1. When it comes to film score music, much of the woodwind writing is doubling strings. Write your string parts, and then add woods. 

Dbl Basses > C-Bassoon
Celli > B. Clarinet and/or Bassoon
Violas > Clarinet and/or Bassoon
Violins > Oboes and Flutes, with Picc playing 8va

That ^ is just an ex., but you get the idea. Just remember to leave room for the "players" to breath.

2. John Williams uses winds very effectively - many times countering string parts. And no, I am not just talking about the wood runs. I don't have any specific examples off the top of my head, but check out some of the SW scores (esp. the newer 3), and Ind. Jones.

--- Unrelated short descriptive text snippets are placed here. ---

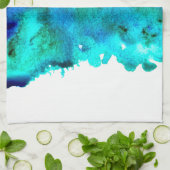 ブルーウォーター色抽象芸術海デザイン キッチンタオル (折り畳み)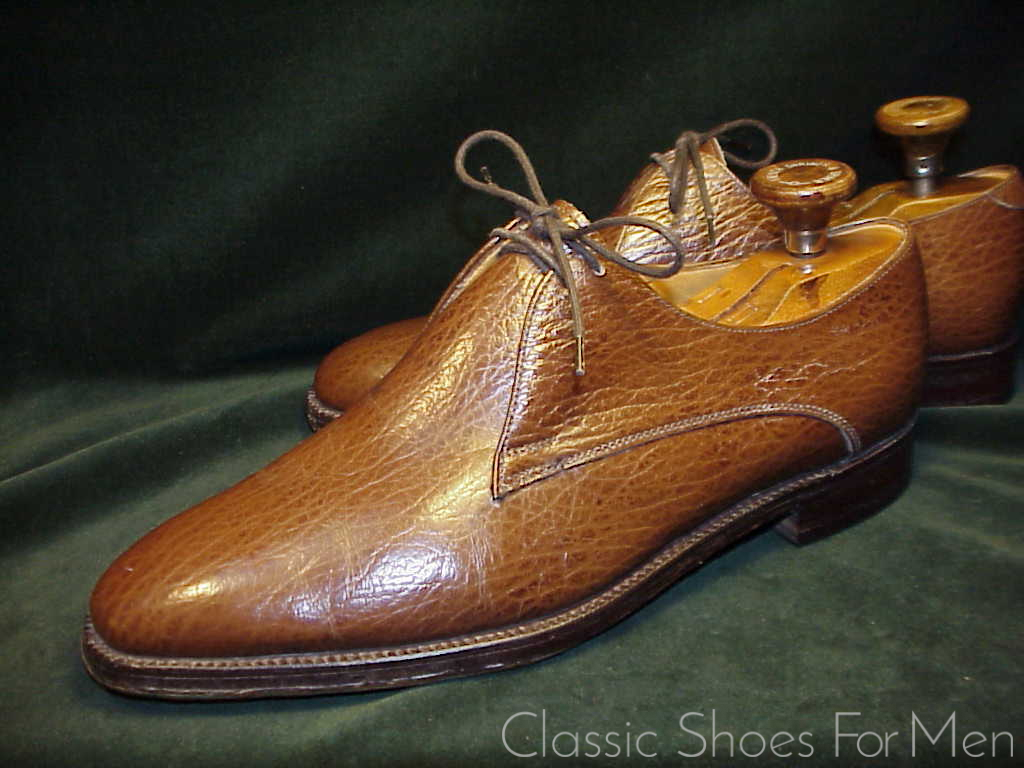 *Vintage GRENSON Exotic African WATER BUFFALO 2-Eyelet Derby: 44D/E (US 10.5D/E)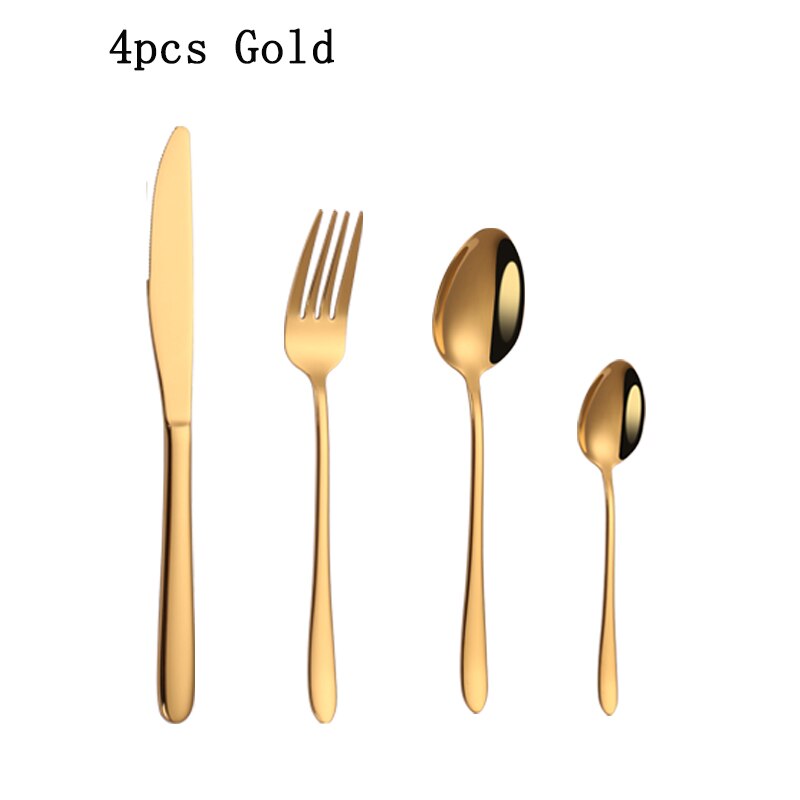 Flatware Forks Knives Spoons Stainless Steel Silverware Set Cutlery Sets Tea Spoon Dinner Wedding Dinnerware Steel Mirror Polish: 4pcs Gold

3. Did you see BWW demo in the BWW thread (comm. ann. sec.)? Someone did a screencast of a demo they did for the lib, and goes on to explain the methodology behind it. Take a look - you might find that useful.

Cheers.


----------



## Dave Connor (Aug 28, 2012)

Was just going over Ravel's orchestration of Pictures At An Exhibition with a student this morning. Within the first few pages you will see wonderful woodwind (and brass) writing: with the strings, alone, and as an upper reinforcement of the string parts. 

Every aspiring composer/orchestrator should live in that great score for it's outright brilliance and for the fact that it is an orchestration of a preexisting piano piece. The score is available at IMSLP for download but does not have the piano rendition directly underneath the score as does the study score.


----------



## Jerome Vonhogen (Aug 28, 2012)

Ravel's scores are a tremendous source of information and inspiration, I agree, but why doesn't anyone mention the most obvious piece, 'Ma mere l'oye'? It contains excellent writing for almost all common orchestral woodwinds, and it is such a wonderful set of character pieces. Highly recommended! 

By the way, I have the 1912 Durand Edition, but there might be other editions as well. After all, Ravel has been dead for quite a while.

~o) 


Here's my tip: as an exercise, try to write a woodwind-only piece as if you were writing it for full orchestra. Make sure all the woodwinds play in the most comfortable range of the instruments (no extremities) and give the instruments long melodic lines to play 'quasi solo' (i.e. against a woodwind background). Add a couple of counterpoint moments where the instruments can interact, then try out various dynamic levels while bringing out the changing character of the tone of each individual instrument (i.e. the 'timbre' in French).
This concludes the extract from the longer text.